Work required>
Once the line containing "Camioneta familiar de" is reached, copy it and every line after it exactly, to the end of the material, without pictures.

Dataset excerpt>
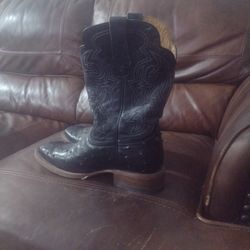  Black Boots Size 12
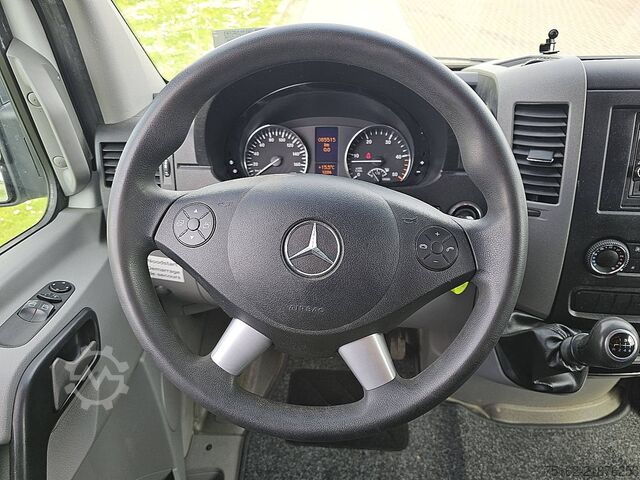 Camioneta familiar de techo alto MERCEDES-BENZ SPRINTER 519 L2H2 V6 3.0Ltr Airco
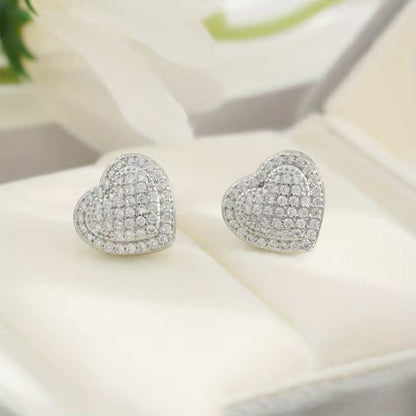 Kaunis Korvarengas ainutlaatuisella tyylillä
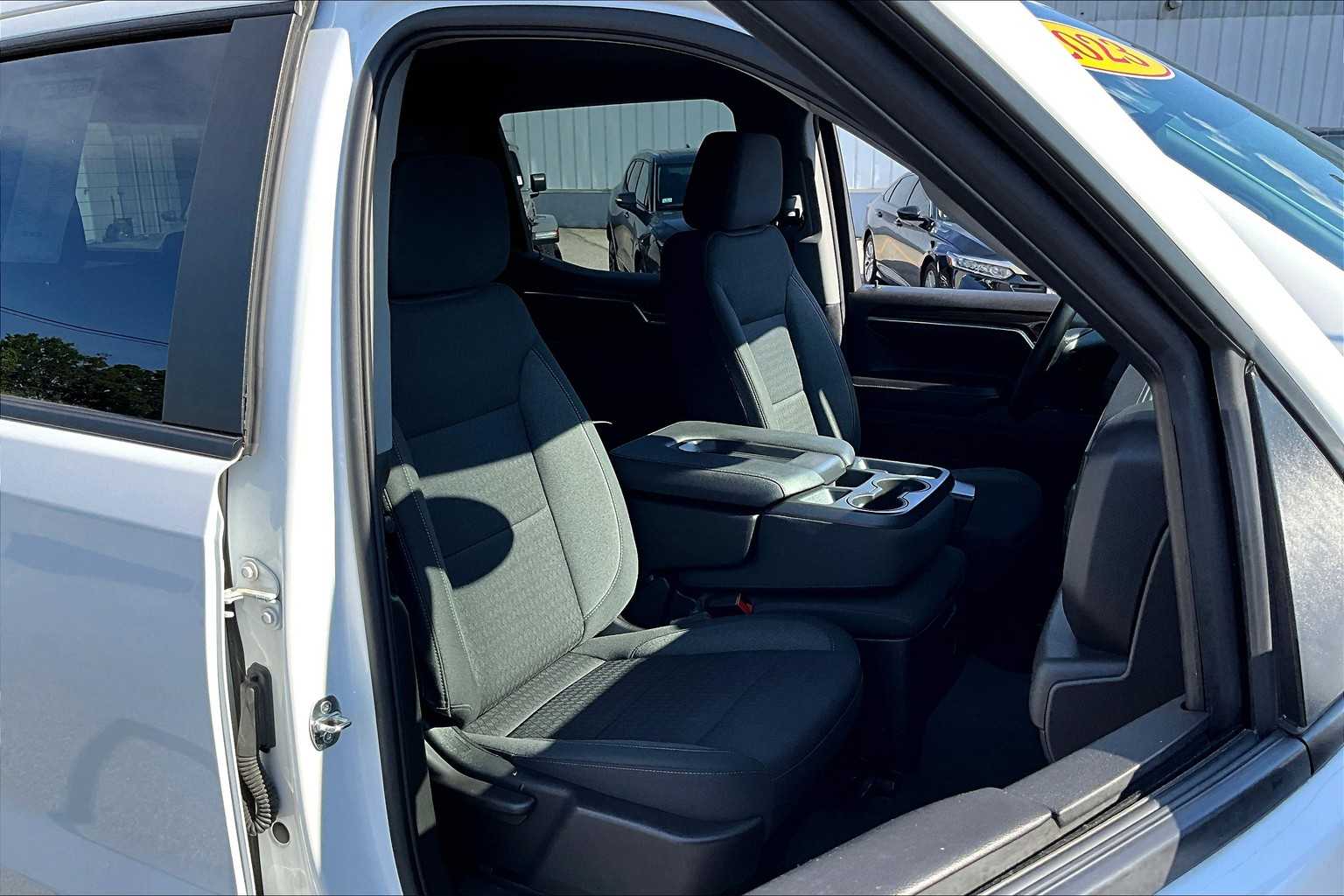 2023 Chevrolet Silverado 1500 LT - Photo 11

Task result>
 Camioneta familiar de techo alto MERCEDES-BENZ SPRINTER 519 L2H2 V6 3.0Ltr Airco
 Kaunis Korvarengas ainutlaatuisella tyylillä
 2023 Chevrolet Silverado 1500 LT - Photo 11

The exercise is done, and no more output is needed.